Components for off-road bicycles including handlebars continue to be recalled with regularity because of problems with structural failure as a result of high cycle fatigue in the off-road environment. The objectives of this study were to 1) devise a method for determining the point on the handlebar cross section that experiences the maximum cumulative damage when the handlebar is subjected to loads applied by the rider’s hands that vary randomly in both magnitude and direction, 2) use this method with an existing database of handlebar loads (DeLorenzo and Hull, J Biomech Eng, 1999) to determine a single loading direction to be used in design and testing of the handlebar, and 3) determine the sensitivity of the point of maximum cumulative damage to structural and material properties of the handlebar. The load database was generated by seven subjects who rode a rough downhill course in the standing posture and provided a total of 28 trials for analysis. For each of the 28 trials, the stress histories at 1-degree increments around the handlebar circumference were determined. The cumulative damage at each of the 360 points for each of the 28 trials was computed using rainflow counting in conjunction with Walker’s equation to represent the S-N diagram for the handlebar material. The maximum cumulative damage varied by more than six orders of magnitude between trials and the location of the point of maximum damage ranged from 110° to 343° (angle measured from horizontal axis pointing forward with positive counterclockwise rotation viewed from the right side of the bicycle).

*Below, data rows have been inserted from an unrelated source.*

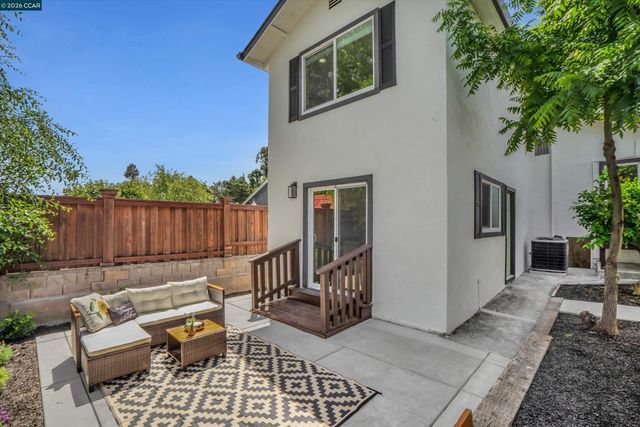 2131 Pomona Ave, Martinez, CA 94553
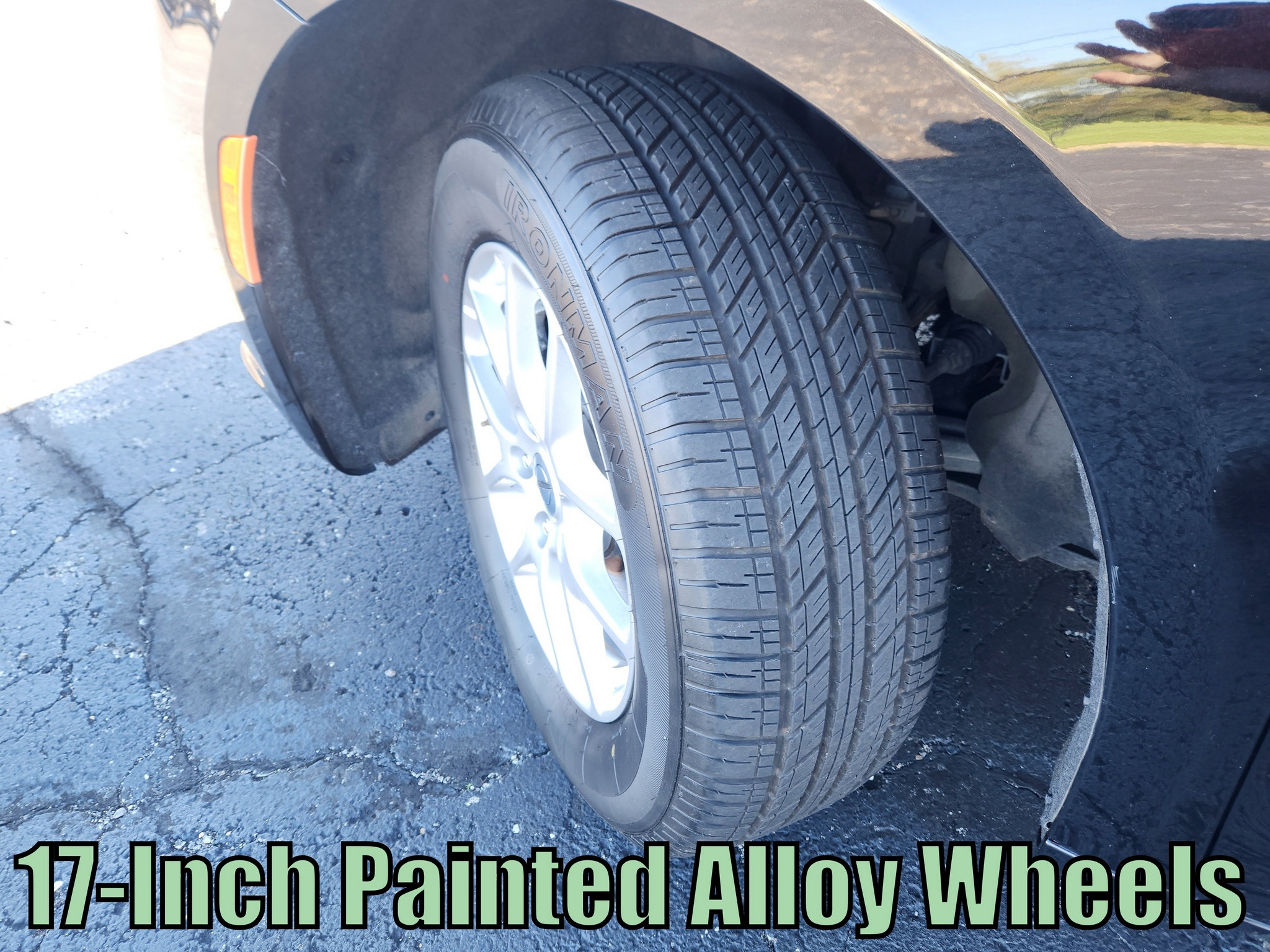Used 2025 Chrysler Pacifica Select FWD image 14
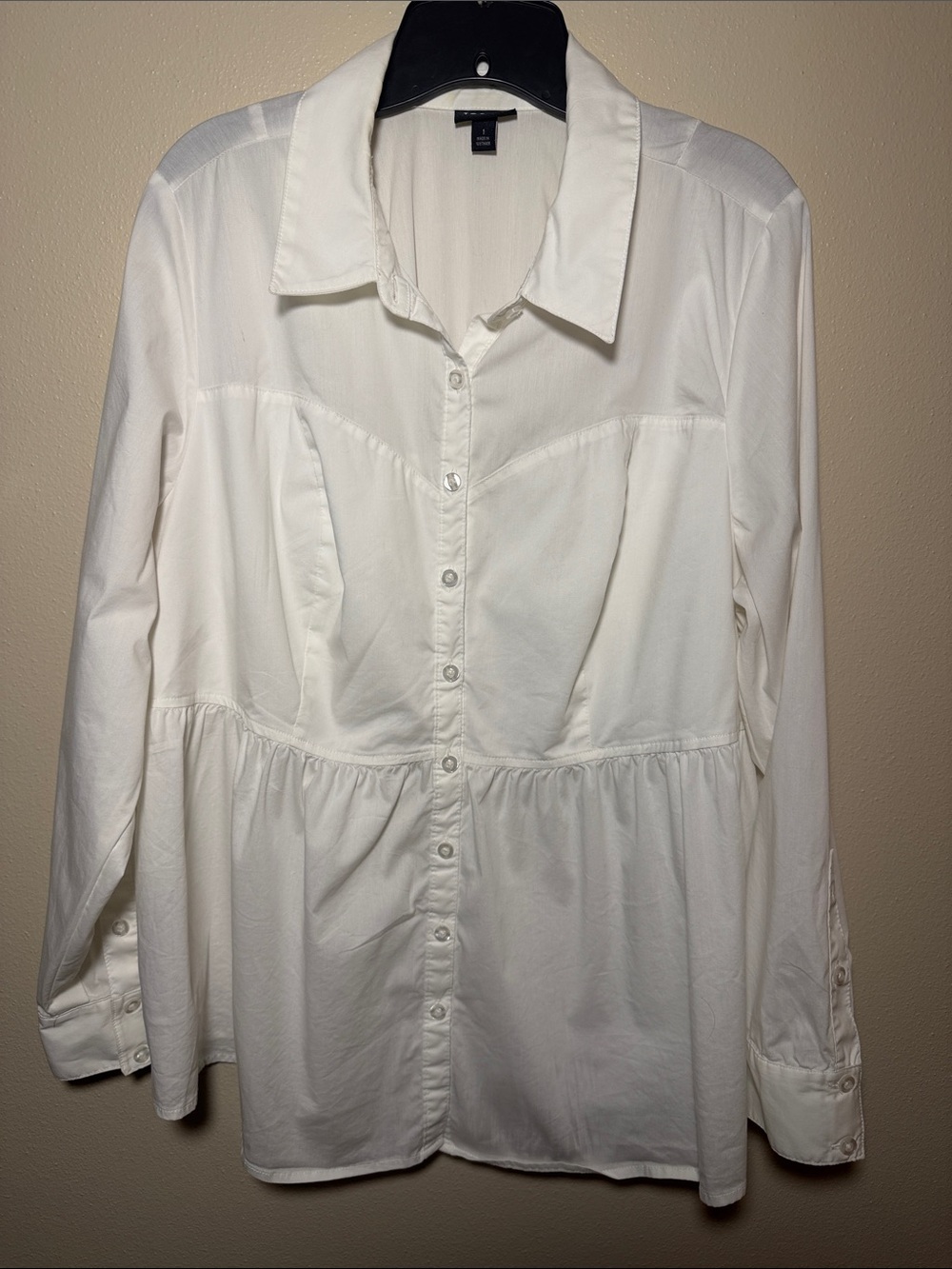 torrid White Button-Front Peplum Shirt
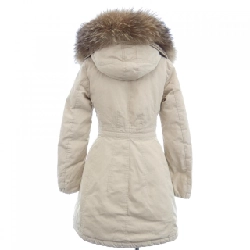 Áo khoác lông vũ MONCLER 642387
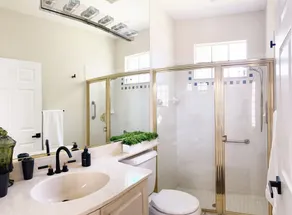 Luxurious Home in University Park Country Club. Min stay requirement 90 days. - Image 3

The median location was 142°. To create a tensile stress in bending at 142°, a load would have to be applied at 322° (322° = 142°+180°). Thus, 322° was found to be the single loading direction representative of the variable-direction load database. This direction did not change for a handlebar with different structural and material properties and coincided approximately with a vector drawn along the line of the arms of the rider. This loading direction can be used in conjunction with information on the effects of assembly of the handlebar with a stem to analytically predict the high cycle fatigue life of a particular stem/handlebar assembly. Furthermore, this loading direction can also be used to experimentally determine the expected in-service fatigue life of a particular stem/handlebar assembly.